[Brief descriptive captions]
=-=-=-=-=

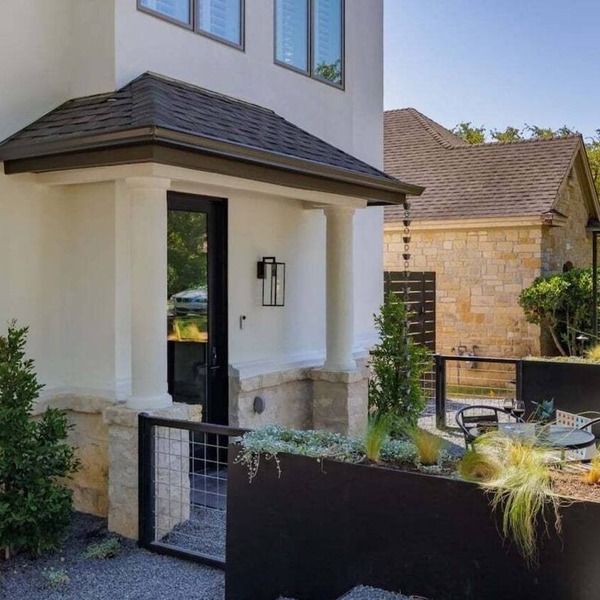 💎Great West Lake Location | Pet Friendly | Private Patio | The Gem💎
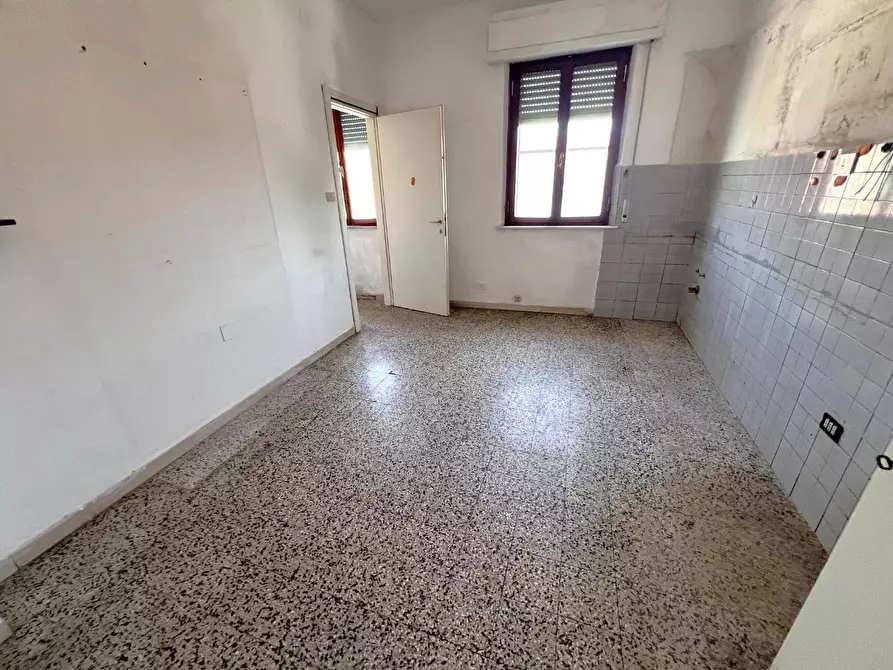 Immagine 4 di Appartamento in vendita  a Cascina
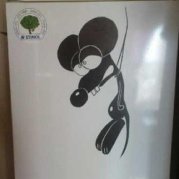 Карикатура мышь повесилась в холодильнике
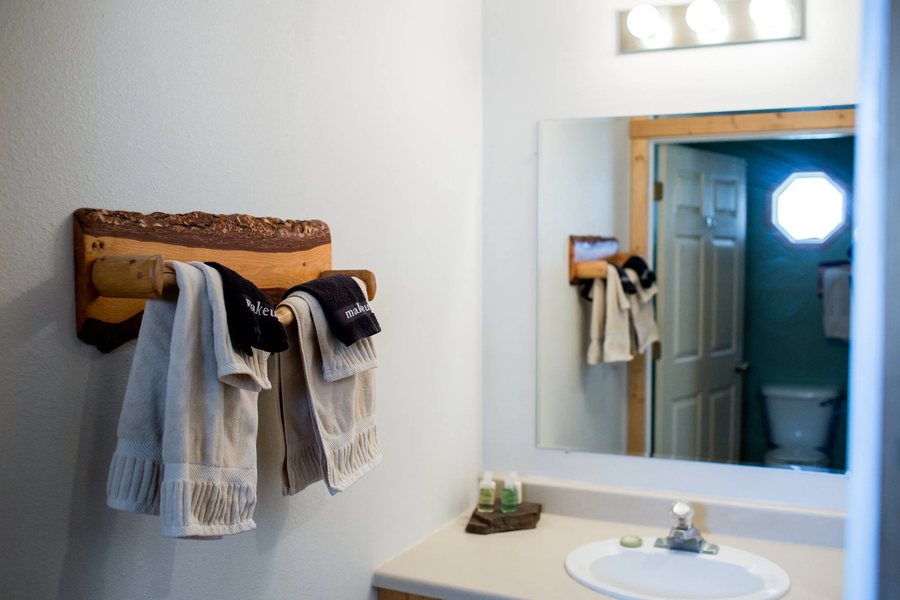 Rocking Z Guest Ranch — Bathroom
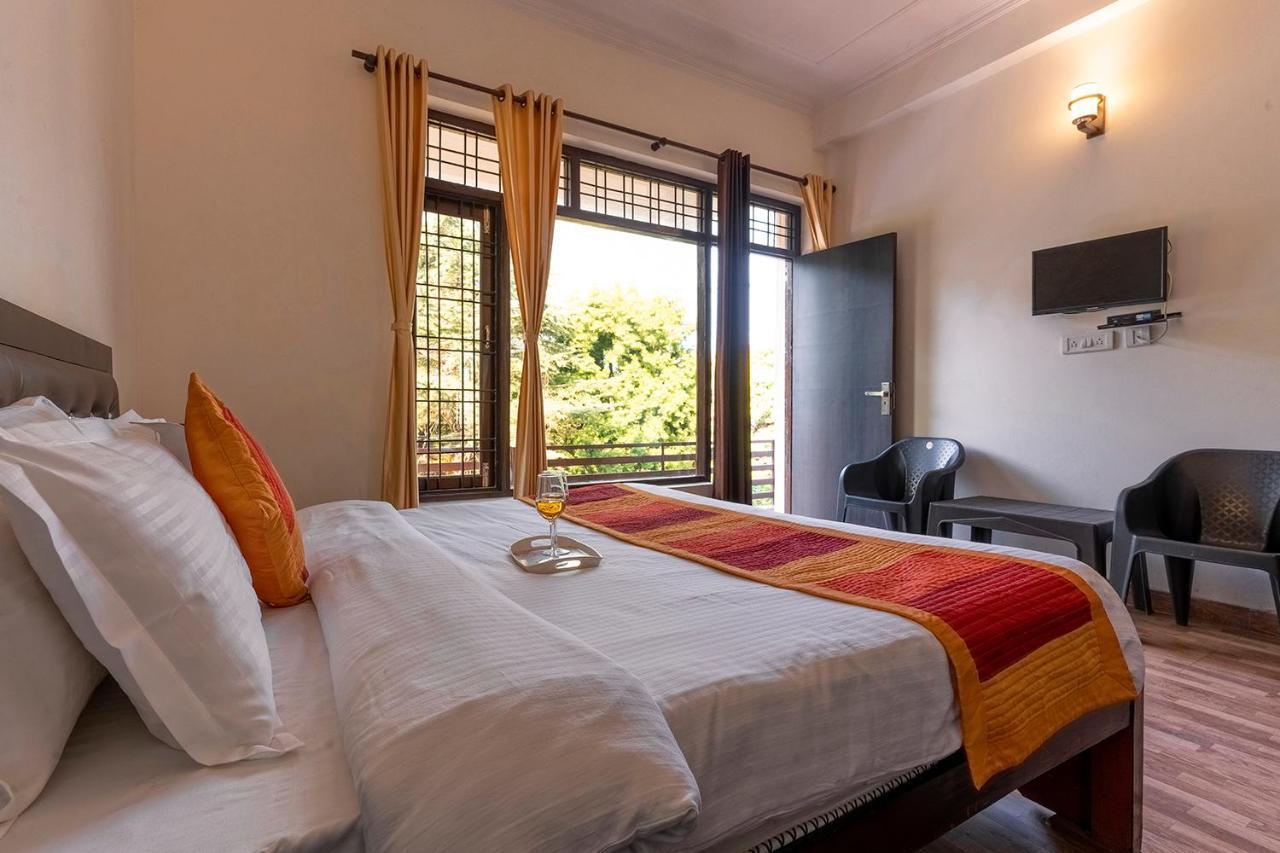 Lake Side Upvan Inn Bhimtal Exterior photo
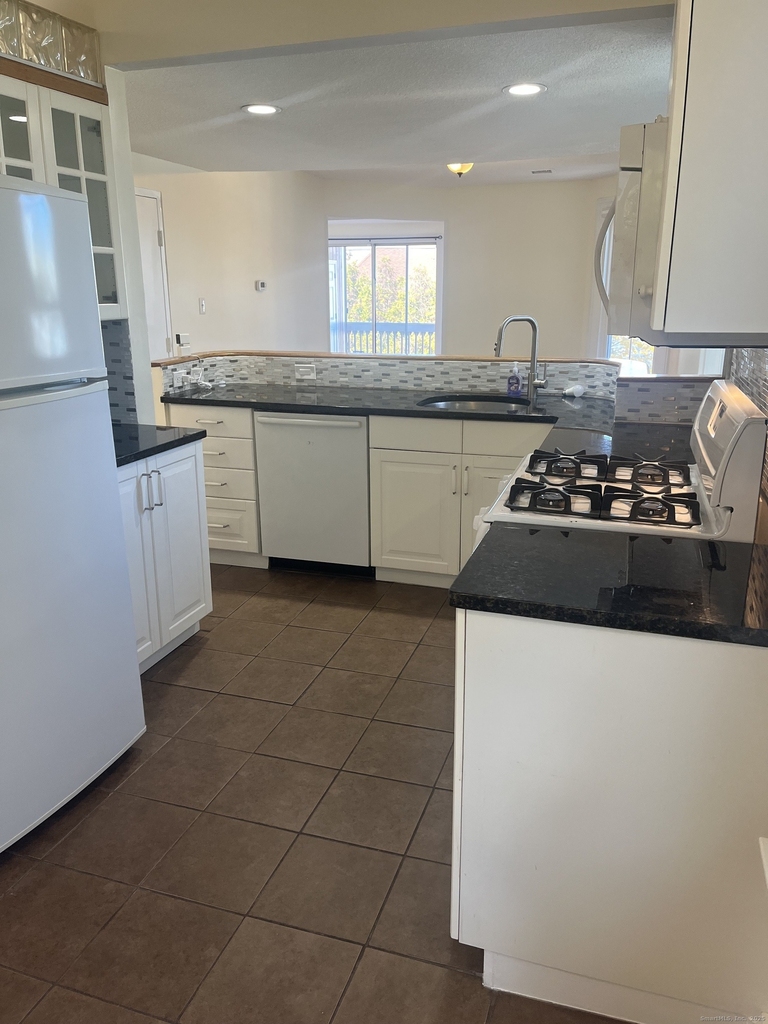 896 Quinnipiac Avenue - Photo 6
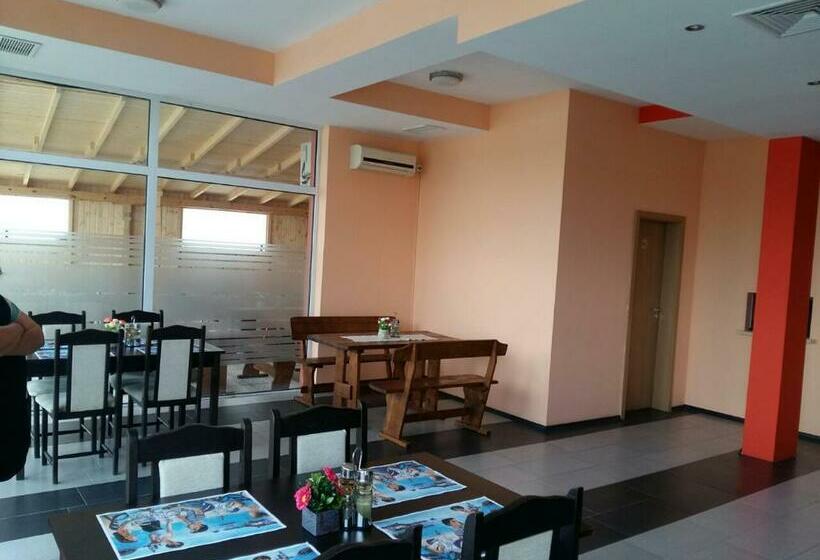 בית מלון כפרי Seasons 2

=-=-=-=-=

▶ What the task requires
From the line containing "Карикатура мышь повесилась в холодильнике" to the final line above, both included, transcribe every line exactly and leave all pictures out.

▶ Answer space
 Карикатура мышь повесилась в холодильнике
 Rocking Z Guest Ranch — Bathroom
 Lake Side Upvan Inn Bhimtal Exterior photo
 896 Quinnipiac Avenue - Photo 6
 בית מלון כפרי Seasons 2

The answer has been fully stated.